DATA SHOWN
--- START ---

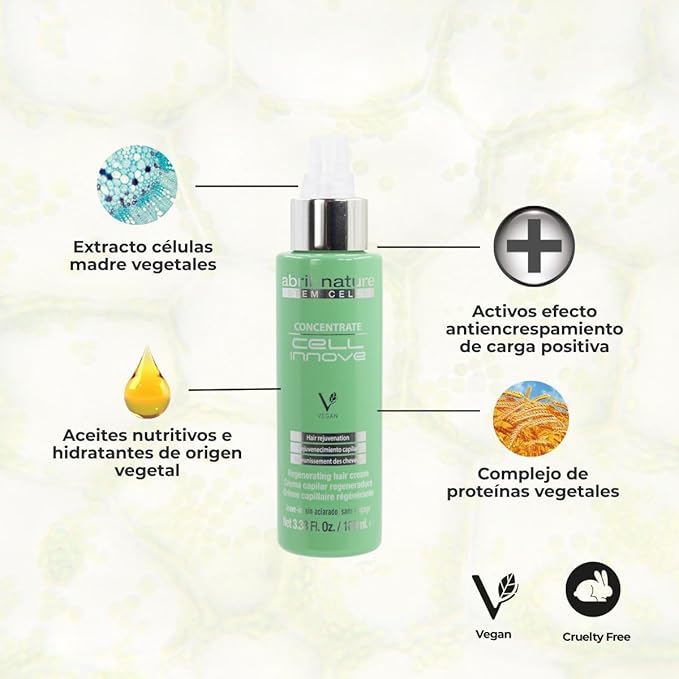 abril et nature - Cell Innove - Professional Hair Serum - Regenerates and Rejuvenates - For All Hair Types - Concentrated with Plant Stem Cells - Cuticle Sealer - 100 ml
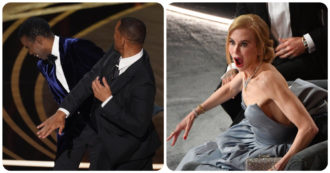 Copertina di Oscar 2022, Will Smith tira uno schiaffo a Chris Rock: la reazione di Nicole Kidman diventa virale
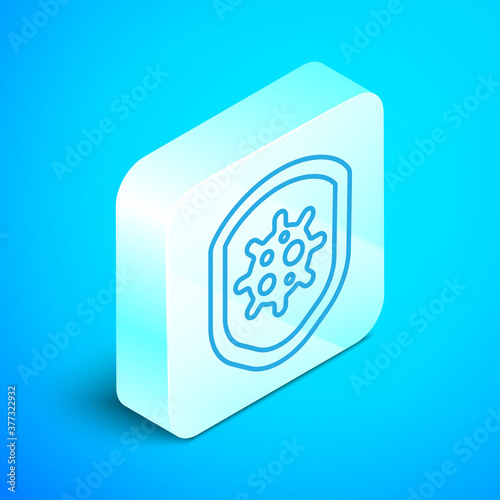Isometric line Shield protecting from virus, germs and bacteria icon isolated on blue background. Immune system concept. Corona virus 2019-nCoV. Silver square button. Vector.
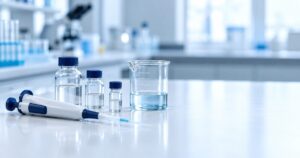 Pipette de précision et petits flacons de peptide sur une paillasse de laboratoire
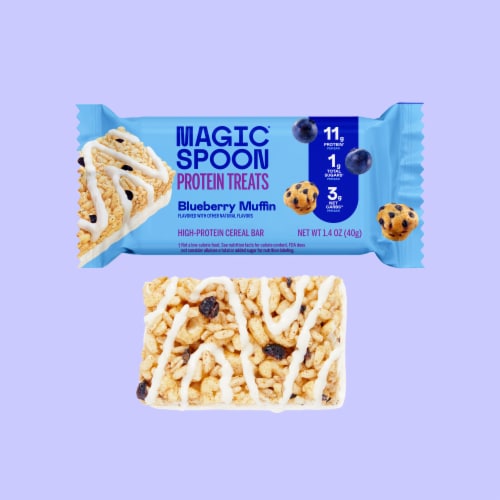 Magic Spoon® High-Protein Gluten-Free Blueberry Muffin Cereal Treat Bars Perspective: top
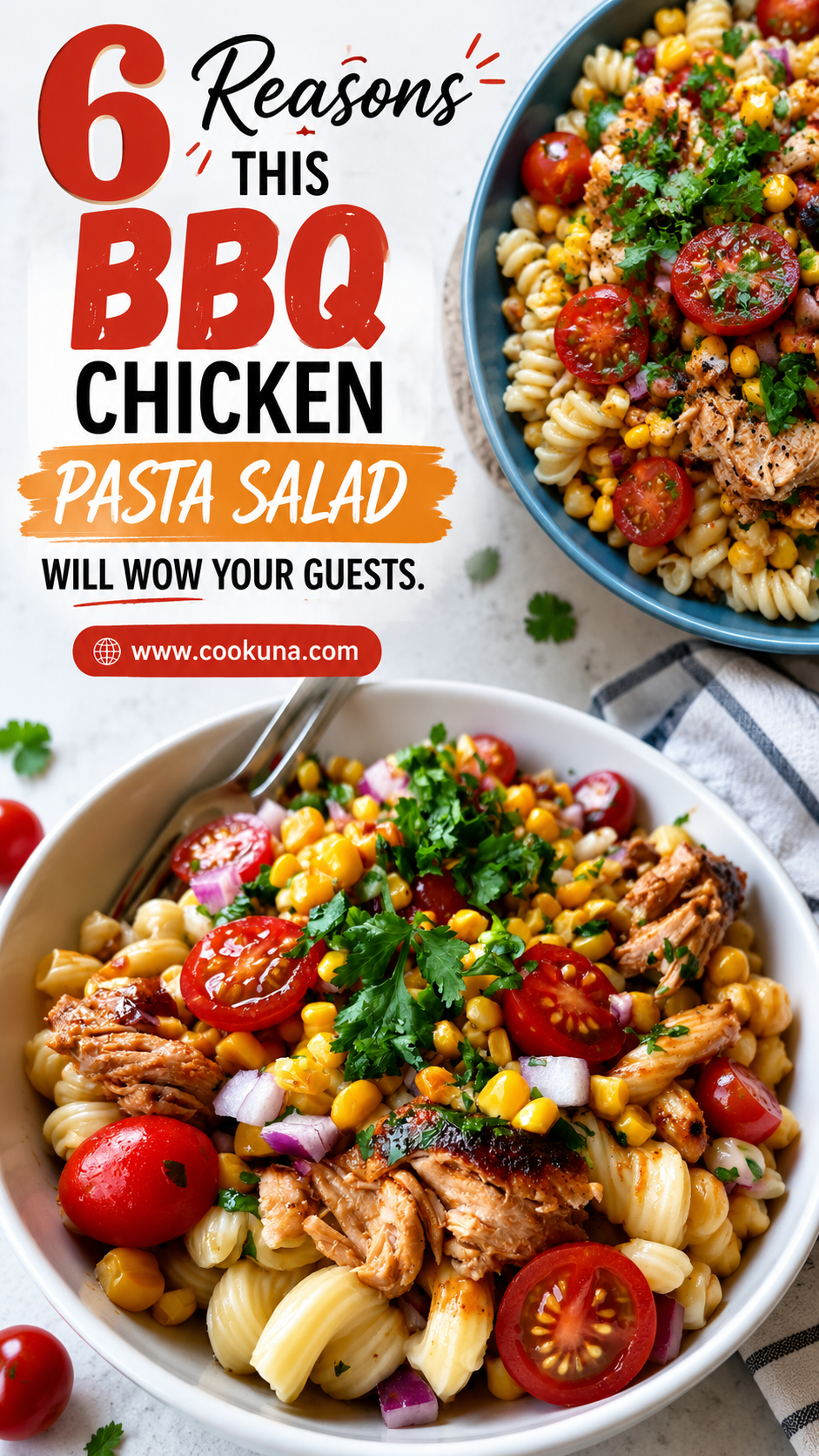 High Protein BBQ Chicken Pasta Salad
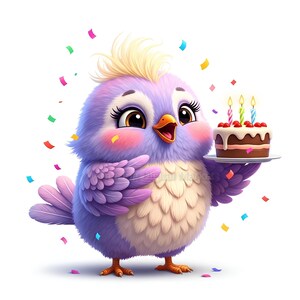 Paquete de 14 imágenes PNG de pájaros de feliz cumpleaños, imágenes prediseñadas de pájaros de dibujos animados para celebrar, fondo transparente, uso comercial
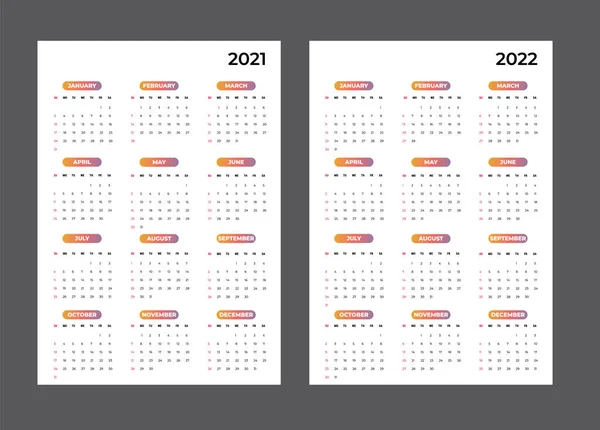 2021-2020 Calendario - ilustración. Plantilla. Prepárate. Calendario vectorial — Archivo Imágenes Vectoriales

--- END ---

ABOUT THIS TASK
Without the pictures, reproduce every record exactly as it appears above.

PROBLEM SOLUTION
 abril et nature - Cell Innove - Professional Hair Serum - Regenerates and Rejuvenates - For All Hair Types - Concentrated with Plant Stem Cells - Cuticle Sealer - 100 ml
 Copertina di Oscar 2022, Will Smith tira uno schiaffo a Chris Rock: la reazione di Nicole Kidman diventa virale
Isometric line Shield protecting from virus, germs and bacteria icon isolated on blue background. Immune system concept. Corona virus 2019-nCoV. Silver square button. Vector.
 Pipette de précision et petits flacons de peptide sur une paillasse de laboratoire
 Magic Spoon® High-Protein Gluten-Free Blueberry Muffin Cereal Treat Bars Perspective: top
 High Protein BBQ Chicken Pasta Salad
 Paquete de 14 imágenes PNG de pájaros de feliz cumpleaños, imágenes prediseñadas de pájaros de dibujos animados para celebrar, fondo transparente, uso comercial
 2021-2020 Calendario - ilustración. Plantilla. Prepárate. Calendario vectorial — Archivo Imágenes Vectoriales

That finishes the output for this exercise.